The disease is typically as awful as it is sudden: Over a few days, children develop severe anxiety and intense obsessive-compulsive behaviors. They barely sleep and may stop eating. Their schoolwork suffers. They can become clumsy or develop tics. Although they've usually been toilet-trained for years, they may start to wet their beds.

This distressing condition, called pediatric acute-onset neuropsychiatric syndrome, or PANS, is thought to be triggered by a strep infection that causes an inflammation response which impacts the brain. The condition's severe psychiatric symptoms put tremendous strain on kids and families.

PANS typically begins in school-age children (a time when youth encounter the vast majority of strep infections), and its prevalence is unknown, as it is not a recognized condition outside a few academic centers.

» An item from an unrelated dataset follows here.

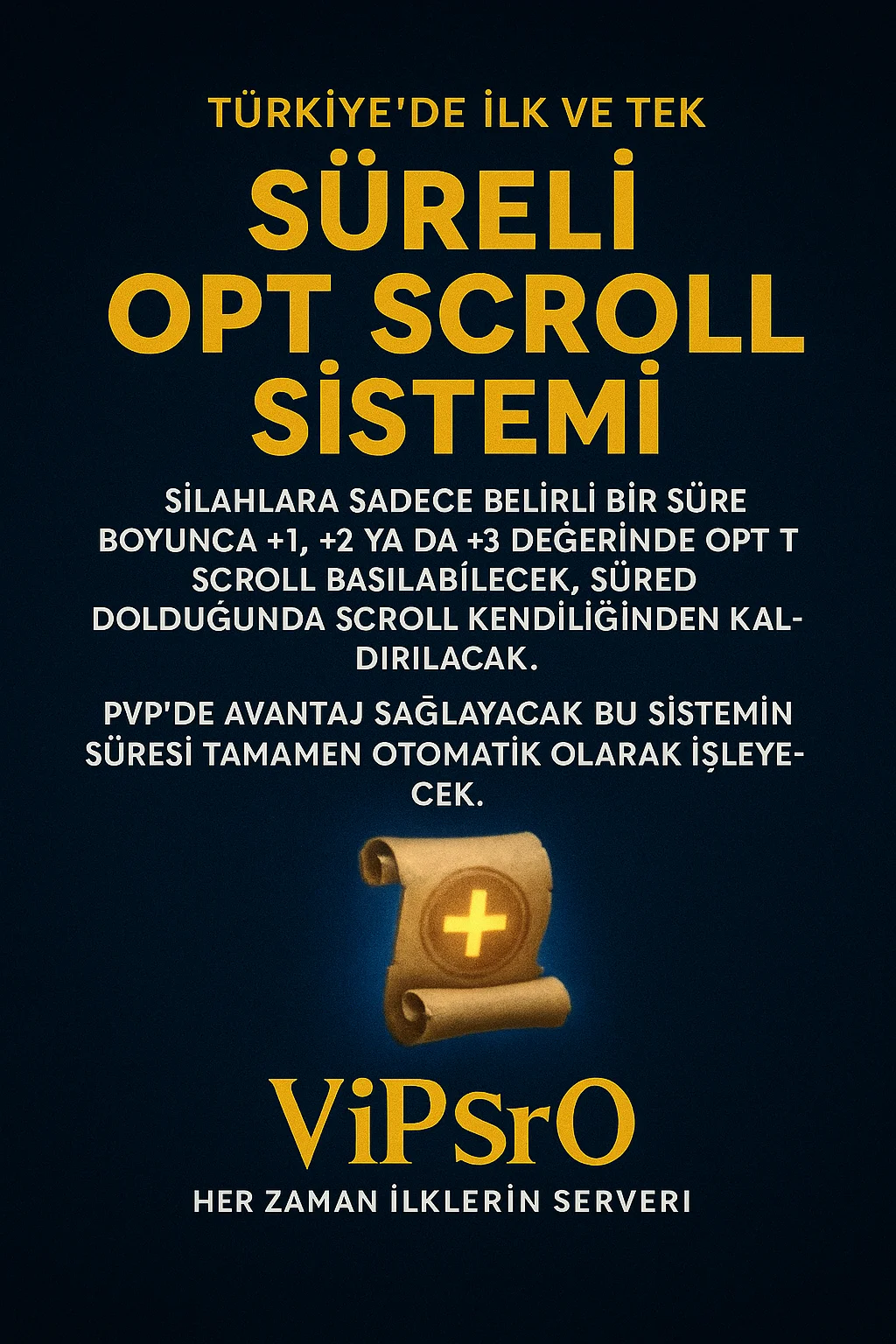 Türk SrO PvP'lerde İlk ve Tek | Süreli + Sistemi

Pediatric rheumatologist Jennifer Frankovich, MD, a clinical professor of pediatrics who cofounded the Immune Behavioral Health Clinic at Stanford Medicine Children's Health in 2012 to treat kids with PANS and related conditions, leads a team that has helped define how to diagnose and treat this complex condition. It's become clear that patients need psychiatric care for their mental health symptoms as well as a rheumatologist to treat their overactive immune systems, she said.

Jennifer Frankovich

But many aspects of PANS remain mysterious. By studying medical records from the clinic's patients, Frankovich and her colleagues recently learned that, in the years after their disease appears, kids with PANS are at high risk of developing other autoimmune conditions, especially arthritis.

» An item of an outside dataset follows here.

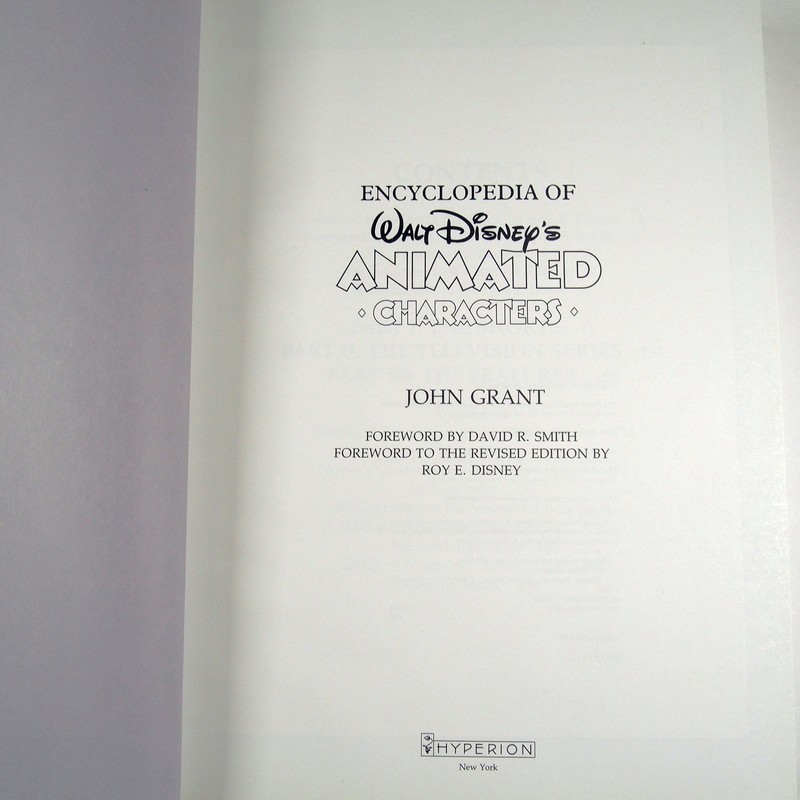 Encyclopedia of Walt Disney's Animated Characters John Grant Hyperion Hardcover gallery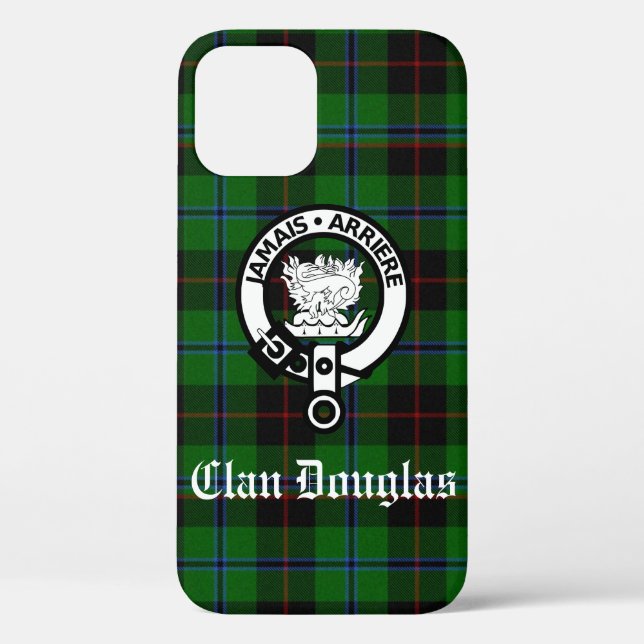 Coques Case-Mate iPhone Clan Douglas Crest Badge & Tartan (Verso)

Frankovich spoke about those findings, which were published in July in JAMA Network Open. This interview has been edited for clarity and length.

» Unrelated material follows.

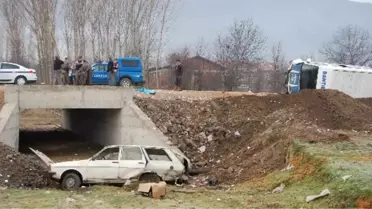 Trafiğe Açılmamış Yolda Kaza: 7 Yaralı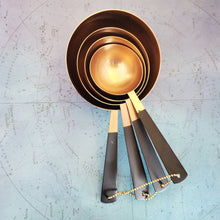Load image into Gallery viewer, Black &amp; Copper Color Baking Cups -Cooking Measuring Cup set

What led you to suspect that PANS patients might have other inflammatory diseases?

Twelve years ago, when I collaborated with one of our psychiatrists to start a clinic for youth with unusual combinations of psychiatric and inflammation symptoms, our knowledge of immune system involvement in PANS was less developed than it is now, and we had no hypothesis that we would see other inflammatory conditions in these patients.

But because my colleagues Mei Ma, MD, Bahare Farhadian, NP, and I are all rheumatologists, and we were trying to understand all possible inflammatory components of this new disease, we conducted comprehensive rheumatology exams for each child, which included arthritis exams. We found that they didn't often have joint pain at first, but they later developed it.

Our new study reports on 193 patients followed at our clinic for an average of four years. These patients first developed PANS, on average, at about age 7½. By age 14, 28% of them had an arthritis diagnosis, and the rate of arthritis appears to keep climbing as they become young adults. This rate is far higher than in the general population, where the prevalence of juvenile arthritis is about 0.0205%. Also, about 80% of our patients who had both PANS and arthritis had tenderness along the spine, at structures called the spinous processes, where tendons and ligaments insert into the spine.

This evidence of low-grade inflammation is interesting because PANS is still not proven to be an inflammatory condition, although we have several studies underway with collaborators whose work is showing that it is an inflammatory condition. For instance, our collaborator Chris Pittenger at Yale has identified auto-antibodies (made by the person's own immune system) in PANS patients against the basal ganglia of the brain.

What distinct inflammatory and arthritic characteristics did you see in your patients?

Juvenile arthritis has many subtypes. In PANS patients, we saw three connected subtypes -- enthesitis-related arthritis, spondyloarthritis and psoriatic arthritis -- which adds evidence to the idea that we're seeing a homogenous condition. We did not see other more common forms of juvenile arthritis like polyarticular arthritis (related to rheumatoid arthritis).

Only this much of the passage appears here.